I'm trying to understand how Ordering::SeqCst works. For that I have few code examples where this ordering is mandatory for obtaining consistent result. In first example we just want to increment counter variable:
let a: &'static _ = Box::leak(Box::new(AtomicBool::new(false)));
let b: &'static _ = Box::leak(Box::new(AtomicBool::new(false)));
let counter: &'static _ = Box::leak(Box::new(AtomicUsize::new(0)));
let _thread_a = spawn(move || a.store(true, Ordering::Release));
let _thread_b = spawn(move || b.store(true, Ordering::Release));
let thread_1 = spawn(move || {
    while !a.load(Ordering::Acquire) {} // prevents from reordering everything after
    if b.load(Ordering::Relaxed) { // no need of Acquire due to previous restriction
        counter.fetch_add(1, Ordering::Relaxed);
    }
});
let thread_2 = spawn(move || {
    while !b.load(Ordering::Acquire) {} // prevents from reordering everything after
    if a.load(Ordering::Relaxed) { // no need of Acquire due to previous restriction
        counter.fetch_add(1, Ordering::Relaxed);
    }
});
thread_1.join().unwrap();
thread_2.join().unwrap();
println!("{}", counter.load(Ordering::Relaxed));
Possible values of counter with this example are 1 or 2, depends on thread scheduling. But surprisingly 0 is also possible but I don't understand how.
If thread_1 has started and only a was set to true by _thread_a, counter could will be left untouched after thread_1 will exit.
If thread_2 will start after thread_1, counter will be incremented once, bcs thread_1 has finished (here we know that a is already true), so thread_2 have just to wait for b to become true.
Or if thread_2 will be first and b was set to true, counter will be incremented only once too.
There is also possibility that _thread_a and _thread_b will both run before thread_1 and thread_2 and both of them will increment counter. So that's why 1 and 2 are valid possible outcomes for counter. But as I previously said, there is also a 0 as possible valid result, only if I won't replace all loads and stores for a and b to Ordering::SeqCst:
let _thread_a = spawn(move || a.store(true, Ordering::SeqCst));
let _thread_b = spawn(move || b.store(true, Ordering::SeqCst));
let thread_1 = spawn(move || {
    while !a.load(Ordering::SeqCst) {}
    if b.load(ordering::SeqCst) {
        counter.fetch_add(1, Ordering::Relaxed);
    }
});
let thread_2 = spawn(move || {
    while !b.load(Ordering::SeqCst) {}
    if a.load(ordering::SeqCst) {
        counter.fetch_add(1, Ordering::Relaxed);
    }
});
thread_1.join().unwrap();
thread_2.join().unwrap();
println!("{}", counter.load(Ordering::SeqCst));
Now 0 isn't possible, but I don't know why.

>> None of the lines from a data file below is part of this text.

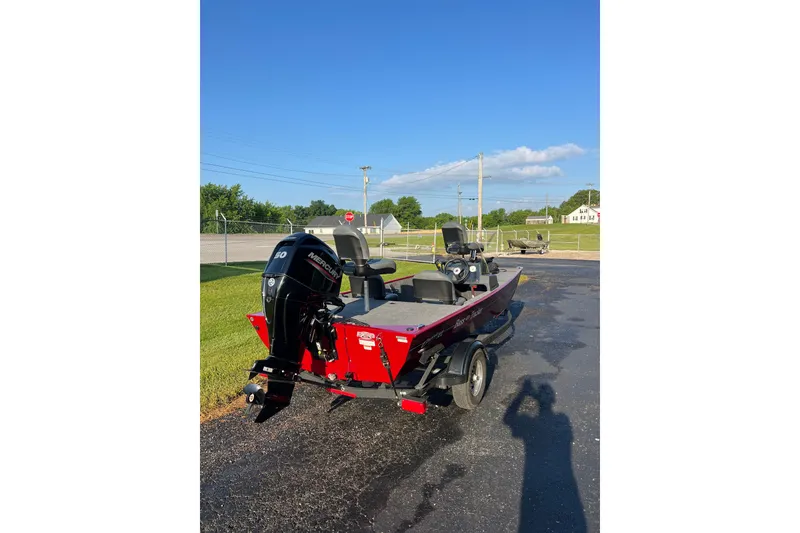 Slide: The Image of 2026 Tracker Bass Tracker Classic XL boat with Mercury engine on a sunny day. - 4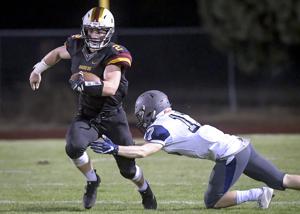 Prep football: Knight does it all for Raiders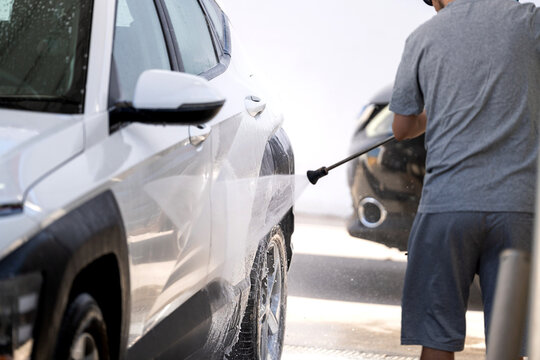 Man cleaning white automobile with water spray at a public car wash facility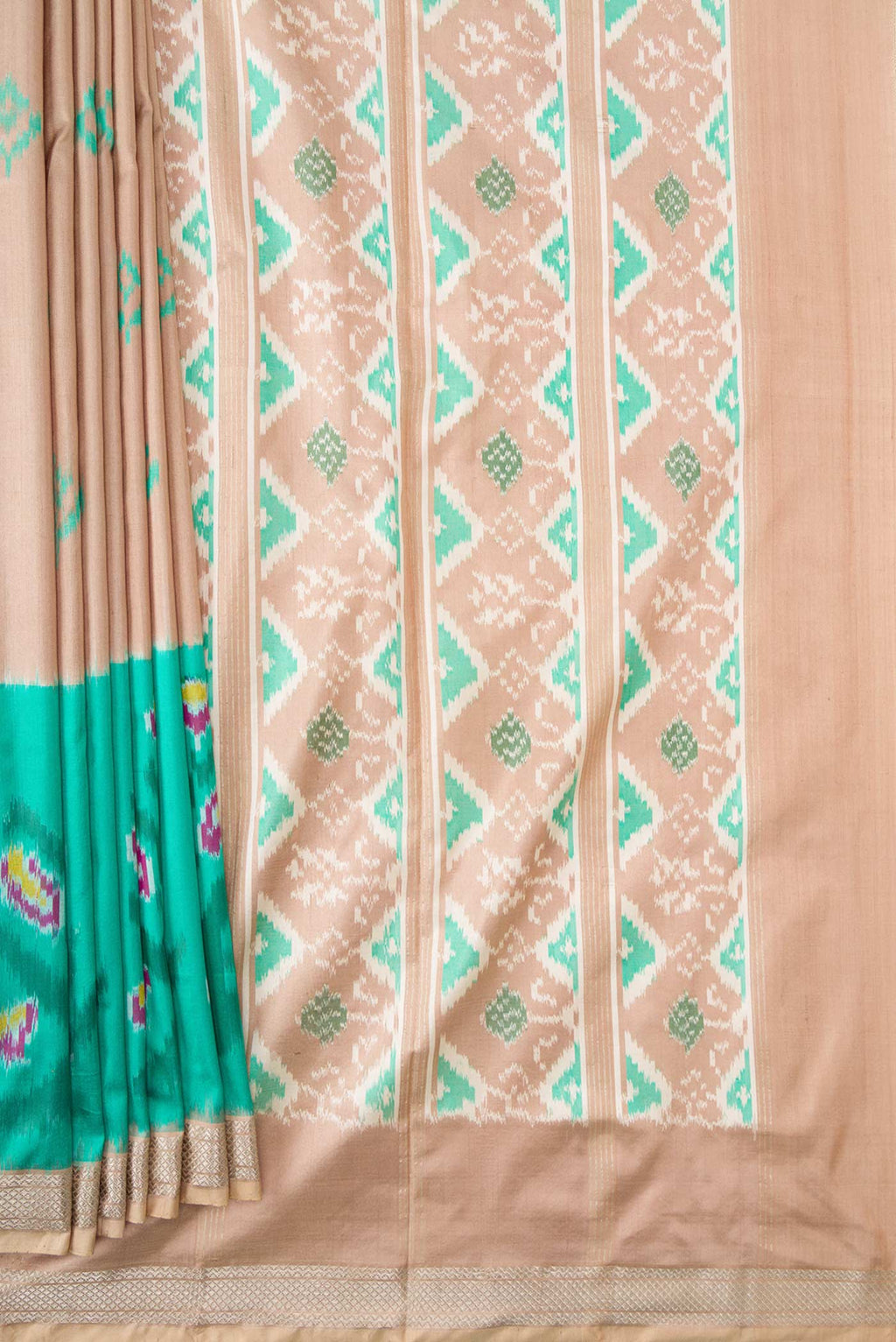 Pleats and pallu of Brown Dual Tone Double Ikat Saree with Ikat Print on the body and Ikat Border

Second example was taken from here:
static A: AtomicBool = AtomicBool::new(false);
static B: AtomicBool = AtomicBool::new(false);
static mut S: String = String::new();
fn main() {
    let a = thread::spawn(|| {
        A.store(true, SeqCst);
        if !B.load(SeqCst) {
            unsafe { S.push('!') };
        }
    });
    let b = thread::spawn(|| {
        B.store(true, SeqCst);
        if !A.load(SeqCst) {
            unsafe { S.push('!') };
        }
    });
    a.join().unwrap();
    b.join().unwrap();
}
Threads a and b could start at same time and modify A and B thus none of them will modify S. Or one of them could start before the other, and modify S, leaving other thread with unmodified S. If I understood correctly, there is no possibility for S to being modified in parallel by both threads? The only reason why Ordering::SeqCst is useful here, to prevent from reordering. But if I will replace all ordering like this:
let a = thread::spawn(|| {
    A.store(true, Release); // nothing can be placed before
    if !B.load(Acquire) { // nothing can be reordered after
        unsafe { S.push('!') };
    }
});
    
let b = thread::spawn(|| {
    B.store(true, Release); // nothing can be placed before
    if !A.load(Acquire) { // nothing can be reordered after
        unsafe { S.push('!') };
    }
});
Isn't it the same as original?
Also Rust docs refers to C++ docs on ordering, where Ordering::SeqCst is described as:
Atomic operations tagged memory_order_seq_cst not only order memory the same way as release/acquire ordering (everything that happened-before a store in one thread becomes a visible side effect in the thread that did a load), but also establish a single total modification order of all atomic operations that are so tagged.
What is single total modification order on concrete example?